Some parts of Brute Force are funnier if you’re familiar with the rest of Spangler’s work. It’s probably an inevitable part of being the fourth installment in a series that is itself set in the five year gap between two narrative parts of a webcomic. But the thing that first struck me was a mention of gardening – any mention of yardwork becomes tragicomic when you’ve read about Spangler’s misadventures in rebuilding the Randall Jarrell house.
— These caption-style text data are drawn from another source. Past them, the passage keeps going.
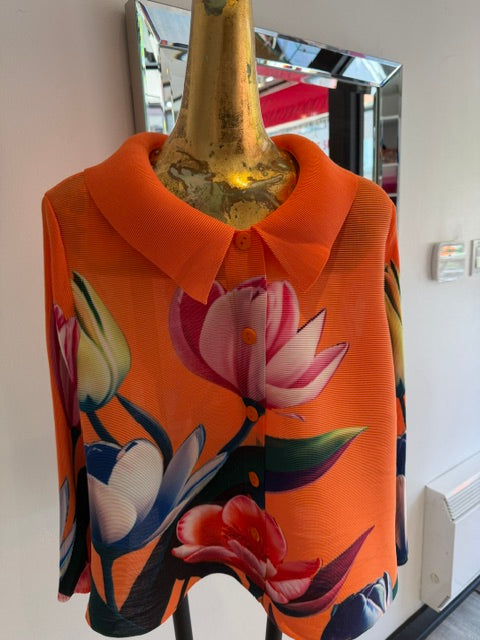 Orange pleated floral blouse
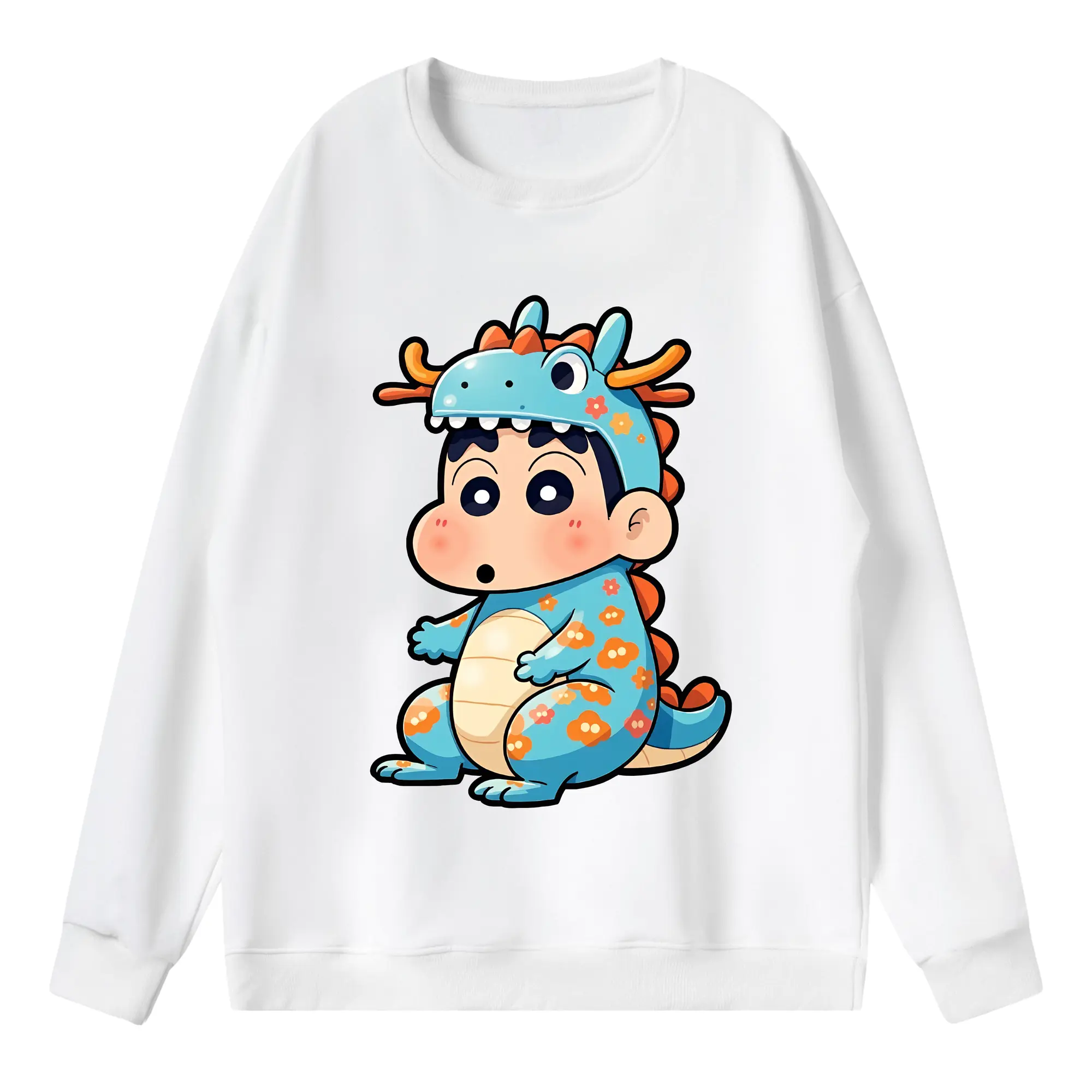 クレヨンしんちゃん グッズ 野原 しんのすけ - 薄手 クルーネック スウェット 裏毛260g · ポリエステル 春秋向け カジュアル 男女兼用 · トレーナー デイリー スポーツ 散歩に最適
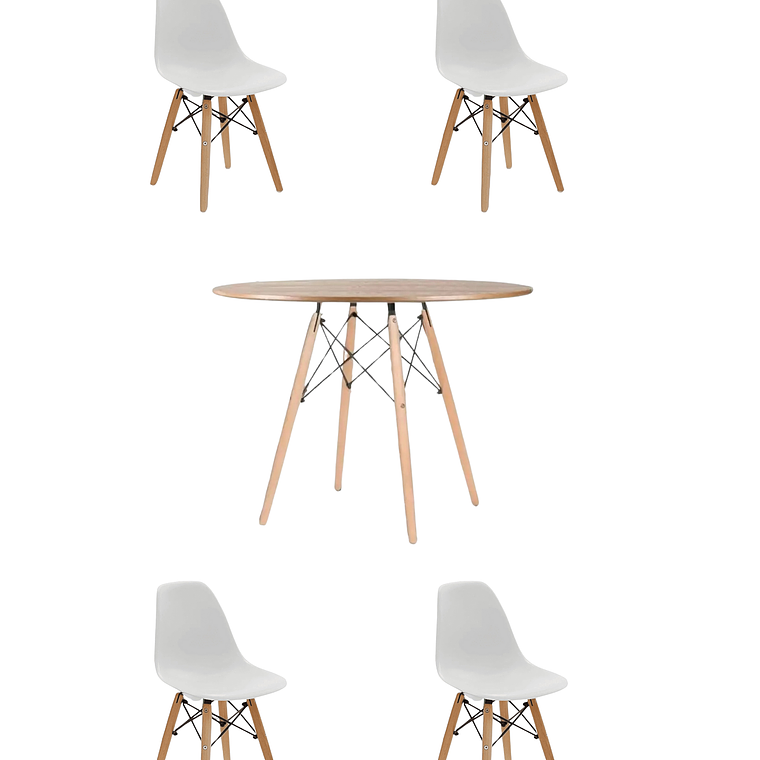 Comedor Mesa Redonda Melamina Eames Madera 120 cm + Sillas Eames 9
Spangler manages to stay topical and current in a sea of wildly varied emergent concerns. Every one of the Rachel Peng novels so far has tackled a facet of that, in addition to the difficulties of living as part of a hive mind and being a cyborg in general. One of the interesting issues with the hive mind - particularly a hive mind centered in DC - is that it manages to encompass a variety of political beliefs. The books are about politics, but don't particularly proselytize any one political view - except maybe the view that you probably shouldn't trust most politicians as far as you can throw them.

The pacing of this book starts with a bang and then just keeps rolling; one of my favorite things in suspense novels is when everything just keeps happening such that sleep becomes wildly elusive, and Brute Force delivers on that. Things just keep rolling in such a way that hints are dropped and missed just because there's too much else to do. I'll have to reread and see what I can pick up on a second pass - and Spangler's works take rereading well, so this is no hardship - because when I got to the end I wasn't expecting the reveal. It left me surprised and delighted, but now I want to hunt through for what I missed in terms of clues while I was distracted by militias and functionally psychic cyborgs.